Stafford and CT are pleased with AA to the point of suggesting that Sam Shoemaker “may have made his greatest contribution through Wilson.” Yet Stafford also writes, “AA is pluralistic, recognizing as many gods as there may be religions, any of which can work.” How can such a destructive concept be considered a great contribution to mankind? Moreover, how can Stafford say that “nothing is compromised in using them [12-Step programs]”? Such comments are typical of CT’s long-standing record of theological ambivalence, ecumenism, compromise, and outright support of error.

Stafford also approves of 12-Step programs patterned after AA which have come into the church.

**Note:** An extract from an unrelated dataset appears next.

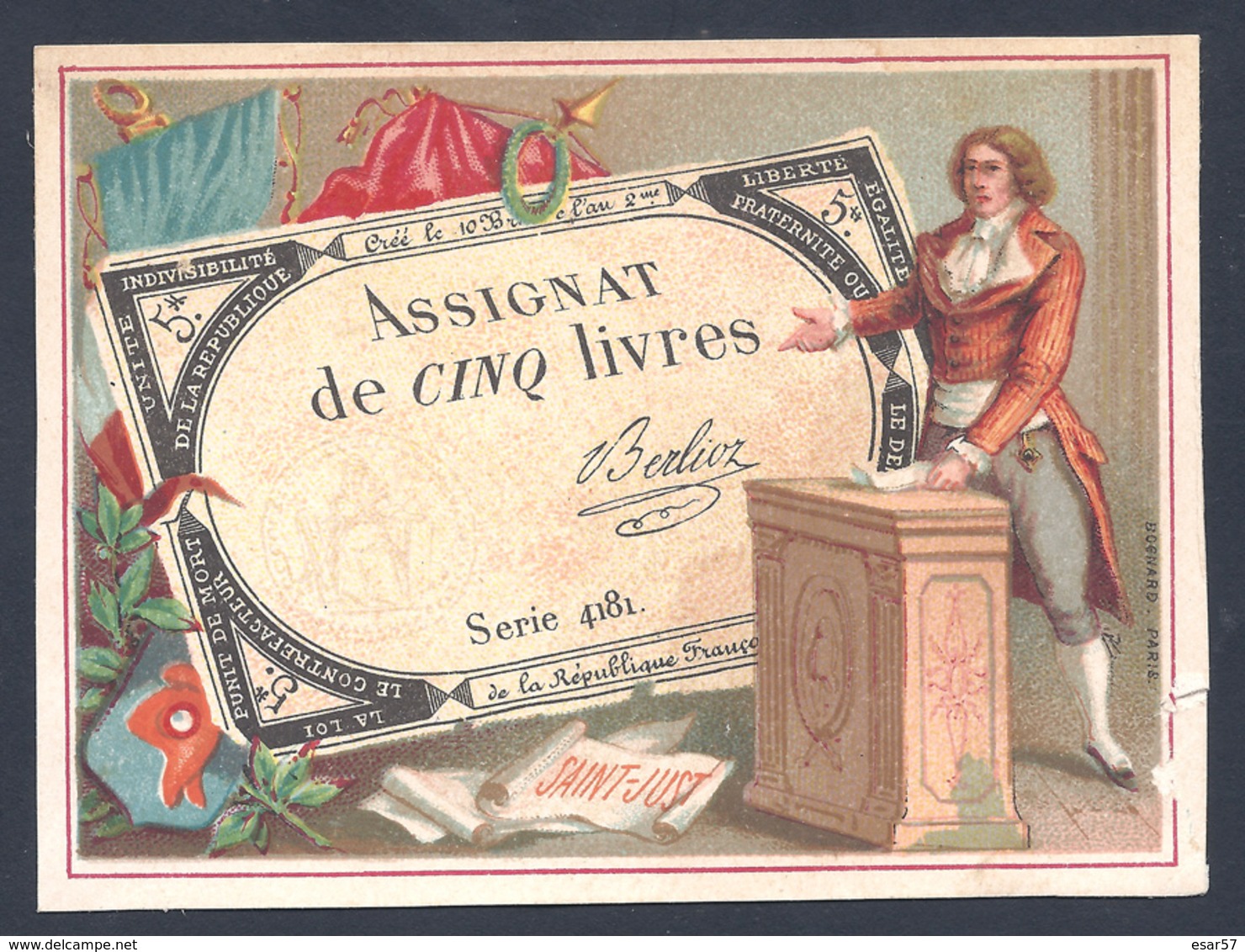 ASSIGNAT De CINQ LIVRES Chromo Bognard Paris. SAINT JUST - Monnaies (représentations)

He attempts to justify this posture by suggesting that the church’s adaptation of AA’s methodologies involved “re-Christianizing the 12 Steps.”

If the 12 Steps, as Stafford says, are Christian, what need could there be to “re-Christianize” them? If, as is the case, they embody concepts designed to be acceptable to anyone, including atheists, then to speak of “re-Christianizing” them is a delusion. The truth is that AA’s 12 Steps are anti-God and anti-Christian. To adapt them into the church is wicked.

The embrace of any form of the 12 Steps within the church implies that God, the Bible, and Jesus Christ offer no solution (or at least an inadequate one) for the sins of drunkenness and other “addictions” and that AA has at last filled that void. Yet thousands of churches across America are doing precisely that. The Willow Creek Community Church of South Barrington, Illinois, pastored by Bill Hybels, is a particularly instructive case inasmuch as it has been called “the most influential church in North America” and a model of the church for the next century. In an exhaustive study of “the Willow Creek phenomenon” for his Ph.D. dissertation, G. A. Pritchard writes:

“One of the first staff members I spoke with proudly told me how more than five hundred individuals met at the church each week in various self-help groups (e.g. Alcoholics Anonymous, Emotions Anonymous, Sexual Anonymous). Upon investigation I discovered that these programs were not actually the church’s. Although many church attendees were participating in the programs, the actual meetings were being run according to outside organization’s policies. One of the requirements of these organizations was that individuals could not evangelize or otherwise teach other participants about God.”